In understanding the saga of America’s first experiment in high speed rail, I hope we will better comprehend why subsequent efforts have fallen short. I believe that my research will help advance the cause of passenger rail advocacy by stressing that opposition to passenger rail has never been based on sound policy, but rather on political prejudices.

My internship has given me the opportunity to explore this interest and its ramifications in a modern policy setting. By attending hearings, I’ve had the chance to see first hand the ongoing debate over passenger rail funding and the policy obstacles to offering more train service. Through my work on the NARP Blog, I’ve had the opportunity to reflect critically on issues affecting transportation and to critique the often flawed arguments of rail opponents. Overall, my internship has offered me an invaluable first-hand look at policy debates, and has given me a much more solid understanding of the larger political context.

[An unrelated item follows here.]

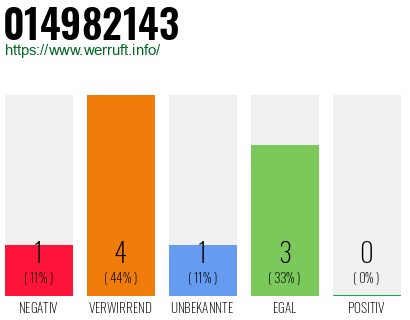 Rufnummer 014982143 Telefonnummer 014982143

Interning with NARP has also helped me define my career interest. After graduation, I hope to find a position in transportation policy either in Washington or in the greater mid-Atlantic area. To that end, I would also be interested in work in Congress as a legislative assistant focus on transportation issues. Ultimately, I hope to be in a position where I can advocate for a balanced, rational transportation policy that supports rail to the same degree as highways and aviation. My historical background tells me that rail has always been a backbone of the American economy; pretending that it is outmoded and can be replaced by highways and aviation is an extremely short-sighted proposition. With that in mind, I hope to help make progress towards NARP’s dream of more and better trains.